No time to stop, the ghost decided and sailed past the Berliners who were fighting for their lives. The tunnel seemed endless, until the way was suddenly barred. The underground had caved in and a bit of daylight was shining on the heaps of rubble. Michel looked at the ruined ceiling and slid his supple body out through the opening. He came out in West Berlin, which had been flattened to the ground. Huge fires were making black clouds and the odd row of houses was still standing here and there. The Allies were steadily making their way through the last of the streets towards the inner city. Bloody corpses were lying everywhere among the debris and fallen trees. A bunch of droning objects suddenly flew out of the clouds.
"Wow, they've succeeded in building flying machines!" the seer exclaimed euphorically, then reprimanded himself for his childish reaction and concentrated once more on finding signs of Himmler. From the sky, he discovered a British control post, which was obstructing the way of outgoing traffic; some horseless carriages were being inspected. There were thousands of soldiers, but they were all marching towards the city center. He had lost the trail and returned to the collapsed tunnel to look for clues. Eureka! Behind a mountain of debris he spied an officer's hat with matching coat, bearing the badge of the highest rank in the country.
That Nazi got rid of his uniform, he realized, and scanned the whole area. He had flown over the control post a few times when he noticed Himmler. He was just coming out of a barrack and was accompanied by a British commander. Himmler was pretending to be a simple, deserted officer and trying to make a deal. The ghost landed right beside him in the grass and heard him lying. The scoundrel was making up some grand story and was whispering about some great reward. The British commander seemed to like the idea and was looking around to make sure he wouldn't get caught by his comrades. But chaos reigned and the British as well as the American soldiers only had eyes for the last of the resisters. This was the right moment for shady deals and the men went and stood behind a tree to do their scheming.
"Deal", the Brit finally agreed, and they clinched their bargain just as some dark clouds above them suddenly opened up.
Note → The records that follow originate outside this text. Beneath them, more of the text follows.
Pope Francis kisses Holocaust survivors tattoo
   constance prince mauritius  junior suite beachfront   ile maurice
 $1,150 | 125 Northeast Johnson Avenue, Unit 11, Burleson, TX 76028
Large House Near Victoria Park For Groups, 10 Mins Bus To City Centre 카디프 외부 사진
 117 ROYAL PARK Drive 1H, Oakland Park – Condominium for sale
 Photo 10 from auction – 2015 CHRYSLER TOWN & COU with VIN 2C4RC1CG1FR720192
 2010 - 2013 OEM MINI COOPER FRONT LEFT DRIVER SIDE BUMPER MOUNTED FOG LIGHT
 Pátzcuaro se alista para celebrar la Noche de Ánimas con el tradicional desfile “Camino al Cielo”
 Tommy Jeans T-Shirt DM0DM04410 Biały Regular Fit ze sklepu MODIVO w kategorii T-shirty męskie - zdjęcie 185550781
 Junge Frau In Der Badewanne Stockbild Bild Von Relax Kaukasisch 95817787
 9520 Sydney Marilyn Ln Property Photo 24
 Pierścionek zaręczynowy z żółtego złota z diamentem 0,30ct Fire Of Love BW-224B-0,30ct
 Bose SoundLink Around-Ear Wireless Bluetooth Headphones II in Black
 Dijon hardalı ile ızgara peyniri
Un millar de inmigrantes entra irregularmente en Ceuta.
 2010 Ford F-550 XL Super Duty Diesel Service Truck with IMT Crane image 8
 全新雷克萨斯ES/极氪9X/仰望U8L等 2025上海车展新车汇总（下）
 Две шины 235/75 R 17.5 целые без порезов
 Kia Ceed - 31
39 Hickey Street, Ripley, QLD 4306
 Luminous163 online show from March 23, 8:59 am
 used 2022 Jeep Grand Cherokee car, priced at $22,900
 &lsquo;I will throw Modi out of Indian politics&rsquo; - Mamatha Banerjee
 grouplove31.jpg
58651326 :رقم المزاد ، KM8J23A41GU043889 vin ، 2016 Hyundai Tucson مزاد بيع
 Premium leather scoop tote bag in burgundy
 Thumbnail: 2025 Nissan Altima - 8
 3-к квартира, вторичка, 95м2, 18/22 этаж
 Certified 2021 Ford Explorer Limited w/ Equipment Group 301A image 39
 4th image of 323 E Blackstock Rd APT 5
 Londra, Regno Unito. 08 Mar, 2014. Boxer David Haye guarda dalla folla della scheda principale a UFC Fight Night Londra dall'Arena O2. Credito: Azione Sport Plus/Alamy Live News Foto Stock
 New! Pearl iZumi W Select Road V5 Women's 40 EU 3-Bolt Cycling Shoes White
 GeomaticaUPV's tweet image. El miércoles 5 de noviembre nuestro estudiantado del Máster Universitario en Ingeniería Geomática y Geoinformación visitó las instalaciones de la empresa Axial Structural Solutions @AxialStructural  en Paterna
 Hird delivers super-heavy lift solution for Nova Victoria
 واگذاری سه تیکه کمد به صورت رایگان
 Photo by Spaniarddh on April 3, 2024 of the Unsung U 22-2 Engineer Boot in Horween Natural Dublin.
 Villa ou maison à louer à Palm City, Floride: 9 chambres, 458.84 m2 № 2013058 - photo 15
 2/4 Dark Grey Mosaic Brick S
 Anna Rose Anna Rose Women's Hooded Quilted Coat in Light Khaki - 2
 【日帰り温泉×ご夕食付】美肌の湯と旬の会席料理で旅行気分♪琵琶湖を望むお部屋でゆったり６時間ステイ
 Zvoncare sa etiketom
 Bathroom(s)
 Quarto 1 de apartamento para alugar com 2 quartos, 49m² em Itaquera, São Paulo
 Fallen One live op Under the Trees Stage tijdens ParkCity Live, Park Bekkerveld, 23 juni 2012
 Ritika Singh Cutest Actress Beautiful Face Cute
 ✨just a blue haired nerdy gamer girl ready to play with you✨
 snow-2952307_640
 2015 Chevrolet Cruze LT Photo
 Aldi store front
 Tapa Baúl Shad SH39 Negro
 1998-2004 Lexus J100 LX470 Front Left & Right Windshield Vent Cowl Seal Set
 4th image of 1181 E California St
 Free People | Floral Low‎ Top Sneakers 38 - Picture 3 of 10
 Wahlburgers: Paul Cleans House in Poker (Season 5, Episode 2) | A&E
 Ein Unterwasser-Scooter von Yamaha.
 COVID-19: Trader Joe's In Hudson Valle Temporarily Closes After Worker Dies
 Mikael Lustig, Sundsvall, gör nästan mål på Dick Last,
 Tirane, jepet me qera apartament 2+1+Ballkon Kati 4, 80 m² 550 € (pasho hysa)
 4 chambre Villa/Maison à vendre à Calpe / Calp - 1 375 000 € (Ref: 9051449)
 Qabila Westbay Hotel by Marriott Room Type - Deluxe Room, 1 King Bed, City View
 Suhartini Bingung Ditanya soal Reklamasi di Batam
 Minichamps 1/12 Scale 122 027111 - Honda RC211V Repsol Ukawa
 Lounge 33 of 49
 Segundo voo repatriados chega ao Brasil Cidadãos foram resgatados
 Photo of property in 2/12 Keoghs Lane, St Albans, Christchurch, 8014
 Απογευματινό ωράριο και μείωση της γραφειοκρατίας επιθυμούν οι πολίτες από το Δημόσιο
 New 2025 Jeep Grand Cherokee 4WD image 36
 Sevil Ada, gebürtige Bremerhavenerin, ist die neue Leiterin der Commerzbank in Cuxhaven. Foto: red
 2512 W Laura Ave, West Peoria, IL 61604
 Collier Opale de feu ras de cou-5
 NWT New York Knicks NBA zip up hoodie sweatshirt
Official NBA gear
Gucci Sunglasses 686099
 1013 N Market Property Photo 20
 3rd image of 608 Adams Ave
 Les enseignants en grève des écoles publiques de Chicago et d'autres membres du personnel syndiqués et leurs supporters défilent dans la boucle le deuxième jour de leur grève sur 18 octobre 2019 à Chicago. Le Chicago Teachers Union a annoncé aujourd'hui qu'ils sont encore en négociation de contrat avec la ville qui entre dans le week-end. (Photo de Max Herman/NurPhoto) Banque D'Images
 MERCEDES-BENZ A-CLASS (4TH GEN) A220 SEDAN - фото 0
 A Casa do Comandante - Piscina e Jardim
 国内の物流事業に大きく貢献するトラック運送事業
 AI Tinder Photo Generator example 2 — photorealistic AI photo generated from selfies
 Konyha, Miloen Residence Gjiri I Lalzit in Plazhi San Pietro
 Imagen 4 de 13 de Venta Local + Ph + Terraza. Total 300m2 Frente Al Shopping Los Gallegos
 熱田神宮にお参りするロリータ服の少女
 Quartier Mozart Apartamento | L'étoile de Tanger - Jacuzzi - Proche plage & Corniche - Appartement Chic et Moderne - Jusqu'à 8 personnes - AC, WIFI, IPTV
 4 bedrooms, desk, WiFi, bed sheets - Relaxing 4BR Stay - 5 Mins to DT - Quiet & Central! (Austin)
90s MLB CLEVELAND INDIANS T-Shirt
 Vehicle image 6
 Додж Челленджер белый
The sun broke through the opening and shone exactly onto the dark event. Himmler was lit up; and so was Nostradamus, who unexpectedly became visible.
"Are you the one who will pass the last judgment?" the unscrupulous German asked, when he saw him. The supposed judge gave him a silent but meaningful look.
"I spit on you," Himmler said, without a grain of remorse. Then a mysterious arrow flew from the sky, through the clouds, and pierced his heart. This definitely marked the end of the Third Reich.
Does my presence actually make a difference or doesn't it? Michel wondered.